Match of the Night: Player Uno and Stupefied (c) vs. Matt and Nick Jackson vs. Adam Cole and Kyle O'Reilly, PWG World Tag Team Championship Ladder Match - This nominally wasn't a TLC match, but yeah, it was a TLC match. It may have been the best spectacle of a TLC match since the Dudleys, Hardys, and Canadian Blondes were given bountiful resources to create detritus around the ringside area at the turn of the most recent century. That's part of what made this match so great. It was TLC on a budget. Moneyball TLC. They forced fans out of their chairs so they could use them. They destroyed one ladder, trapped Adam Cole in another, and had to pull out the GIANT SIZED painters' ladder for the decision.

Yeah, let's ruminate on that for a second. Adam Cole spent the last five minutes or so of this match trapped between the jaws of a ladder stood up in the corner like it was an iron maiden (the torture device, not the British metal band). Uno continued his tradition of rocketing chairs right at the skulls of either Young Buck. There were apron spots, lord were there apron spots too. I'm not sure it would be a high-profile PWG match if guys weren't going hard into the hardest part of the ring.

And yes, the elephant in the room is that the referee was active in the decision, tipping over the ladder with the Young Bucks on it. If you look at it as simulation of an athletic contest, then what the fuck are you doing watching wrestling? For a company that doesn't build longterm stories, when they do, they're pretty darn good. It was only a subplot in a match where six guys simulated a car wreck in human flesh. But then again, mangled body parts are the new market inefficiency.

Overall Thoughts: Building an anniversary show around a referee might not sound like an all-too appetizing idea in most company's hands, but PWG has done interesting groundwork making Rick Knox-as-a-realized-character feel organic. He's not an overbearing part of the show, but it's just enough where he's an acceptable deus ex machina to keep the Young Bucks from winning the titles again, or that he's got the chops enough to be able to get busted open without it feeling like an awful mistake.

But unlike with companies in the mainstream doing referee angles, PWG had a more than solid slate of matches surrounding everything else. I mean, the Knox ladder shove was such a minor part of that insane main event that it really didn't matter what he did or how the Smash Bros. won.

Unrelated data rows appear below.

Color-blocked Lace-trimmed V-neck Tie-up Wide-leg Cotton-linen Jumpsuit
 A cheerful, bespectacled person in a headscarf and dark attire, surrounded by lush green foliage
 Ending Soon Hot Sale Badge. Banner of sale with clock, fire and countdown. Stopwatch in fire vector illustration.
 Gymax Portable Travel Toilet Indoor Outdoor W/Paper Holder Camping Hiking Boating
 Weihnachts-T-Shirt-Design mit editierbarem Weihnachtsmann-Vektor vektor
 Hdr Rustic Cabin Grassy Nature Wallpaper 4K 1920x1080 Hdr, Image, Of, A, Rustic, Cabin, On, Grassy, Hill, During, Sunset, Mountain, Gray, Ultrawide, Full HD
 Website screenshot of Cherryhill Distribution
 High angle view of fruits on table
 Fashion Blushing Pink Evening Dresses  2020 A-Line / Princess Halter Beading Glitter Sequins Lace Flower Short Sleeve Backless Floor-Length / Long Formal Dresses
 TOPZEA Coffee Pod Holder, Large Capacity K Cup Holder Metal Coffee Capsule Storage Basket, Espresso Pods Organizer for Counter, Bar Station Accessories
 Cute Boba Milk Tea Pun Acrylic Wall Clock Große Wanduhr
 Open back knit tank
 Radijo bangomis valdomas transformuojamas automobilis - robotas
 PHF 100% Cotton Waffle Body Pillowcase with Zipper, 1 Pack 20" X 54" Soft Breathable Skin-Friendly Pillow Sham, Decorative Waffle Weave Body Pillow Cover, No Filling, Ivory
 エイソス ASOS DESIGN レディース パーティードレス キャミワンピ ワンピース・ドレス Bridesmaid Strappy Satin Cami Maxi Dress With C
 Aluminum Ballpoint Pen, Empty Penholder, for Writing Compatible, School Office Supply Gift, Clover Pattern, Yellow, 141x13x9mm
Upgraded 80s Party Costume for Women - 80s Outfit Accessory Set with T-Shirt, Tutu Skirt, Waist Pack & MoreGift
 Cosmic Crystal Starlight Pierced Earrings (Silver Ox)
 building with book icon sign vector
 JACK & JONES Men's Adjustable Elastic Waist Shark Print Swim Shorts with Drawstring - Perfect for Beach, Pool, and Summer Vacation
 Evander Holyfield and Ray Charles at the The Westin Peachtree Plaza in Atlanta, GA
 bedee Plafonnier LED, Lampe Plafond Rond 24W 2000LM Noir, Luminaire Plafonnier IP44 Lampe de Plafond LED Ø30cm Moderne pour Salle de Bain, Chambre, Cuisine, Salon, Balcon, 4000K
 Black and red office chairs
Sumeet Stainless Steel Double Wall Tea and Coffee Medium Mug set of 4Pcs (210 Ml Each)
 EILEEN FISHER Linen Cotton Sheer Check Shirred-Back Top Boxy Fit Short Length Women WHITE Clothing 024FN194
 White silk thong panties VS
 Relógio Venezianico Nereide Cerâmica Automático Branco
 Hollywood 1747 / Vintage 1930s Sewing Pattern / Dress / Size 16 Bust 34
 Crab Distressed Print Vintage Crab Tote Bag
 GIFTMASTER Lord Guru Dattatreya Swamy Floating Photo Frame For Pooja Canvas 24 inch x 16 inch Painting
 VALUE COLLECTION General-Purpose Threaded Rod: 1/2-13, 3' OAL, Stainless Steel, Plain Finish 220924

That was the perfect cap to a show that had a bunch of solid matches on it, some of them great.

I will say that I was a bit disappointed with the Younger/B-Boy match, as it pretty much distilled a lot of the shit I hate about the worst Davey Richards matches into red meat for a crowd that tolerates (read, loves) it more than I do. Still though, everything else on the show worked, so it's all good.